Directions
In the entries below, which lines run from the one with "I've never tried" through the one with "If you're stuck"? Repeat exactly those, both included, and no pictures.

Given records
========================================================================

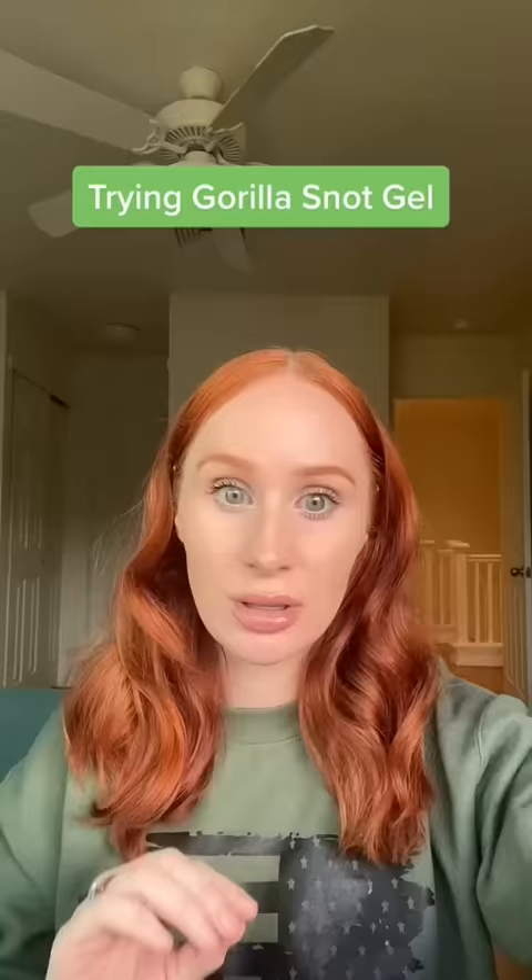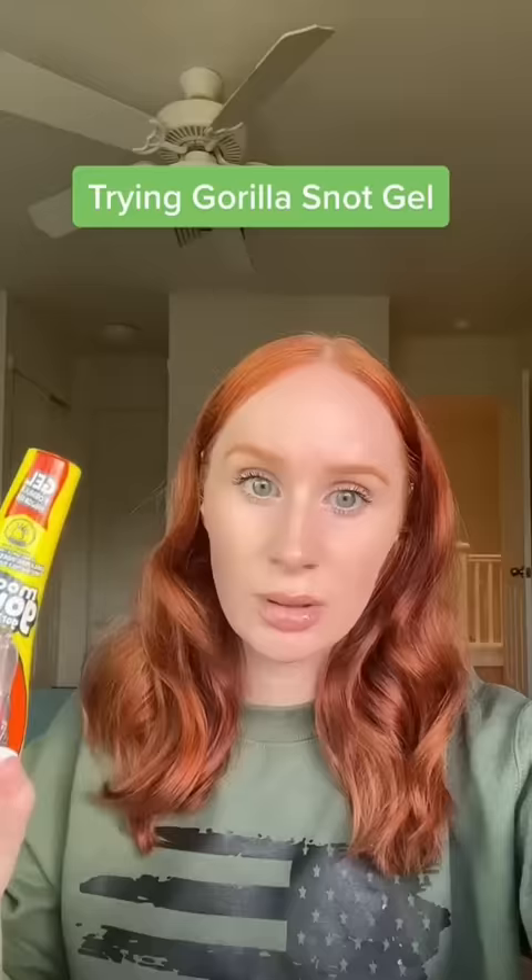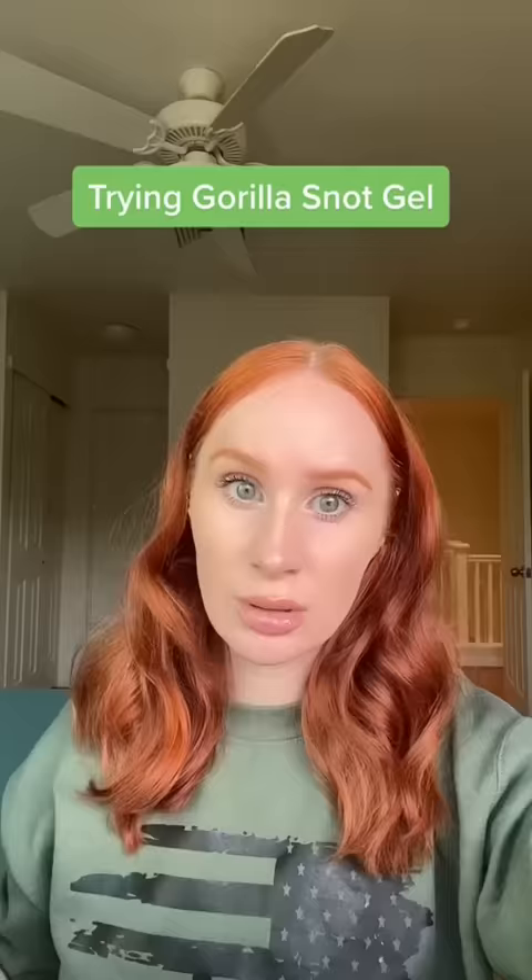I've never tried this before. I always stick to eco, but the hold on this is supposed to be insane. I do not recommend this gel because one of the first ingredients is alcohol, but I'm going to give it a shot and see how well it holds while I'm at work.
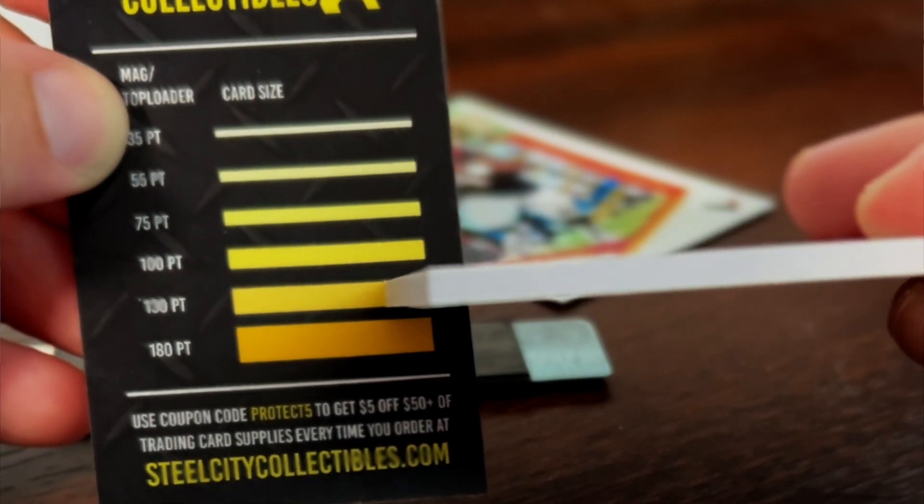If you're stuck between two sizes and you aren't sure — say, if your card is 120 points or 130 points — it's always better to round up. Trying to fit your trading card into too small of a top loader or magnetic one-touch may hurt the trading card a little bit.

========================================================================

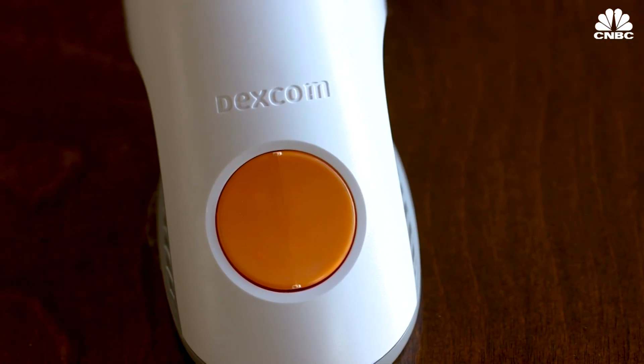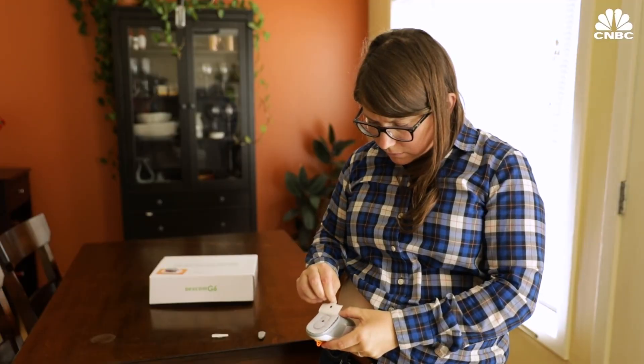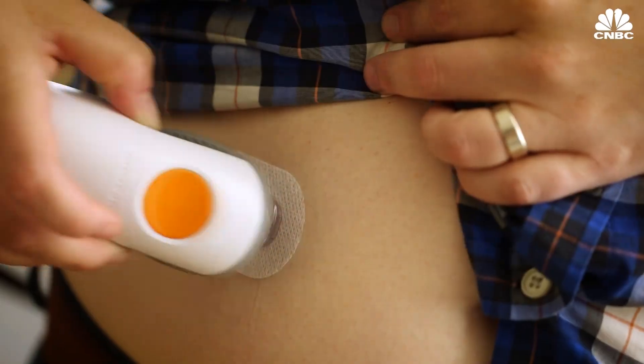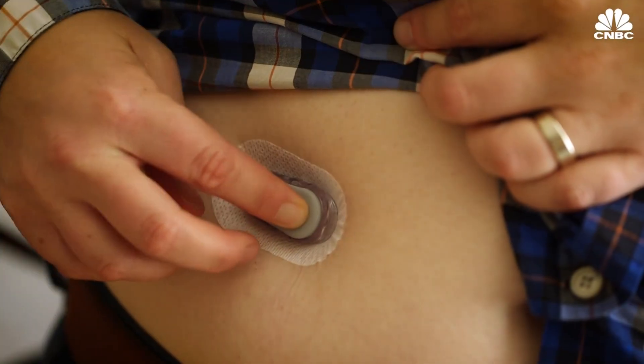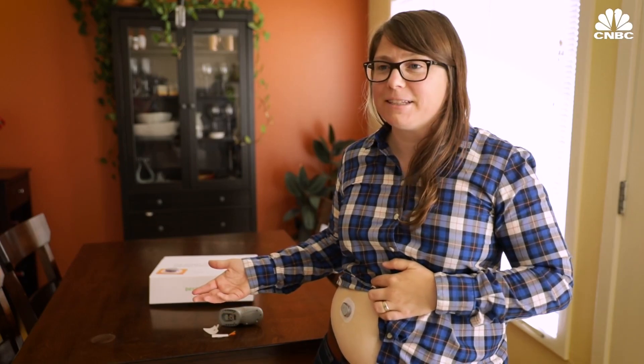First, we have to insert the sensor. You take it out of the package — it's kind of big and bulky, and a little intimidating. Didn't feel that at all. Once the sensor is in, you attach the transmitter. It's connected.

========================================================================

Finished task
I've never tried this before. I always stick to eco, but the hold on this is supposed to be insane. I do not recommend this gel because one of the first ingredients is alcohol, but I'm going to give it a shot and see how well it holds while I'm at work.
If you're stuck between two sizes and you aren't sure — say, if your card is 120 points or 130 points — it's always better to round up. Trying to fit your trading card into too small of a top loader or magnetic one-touch may hurt the trading card a little bit.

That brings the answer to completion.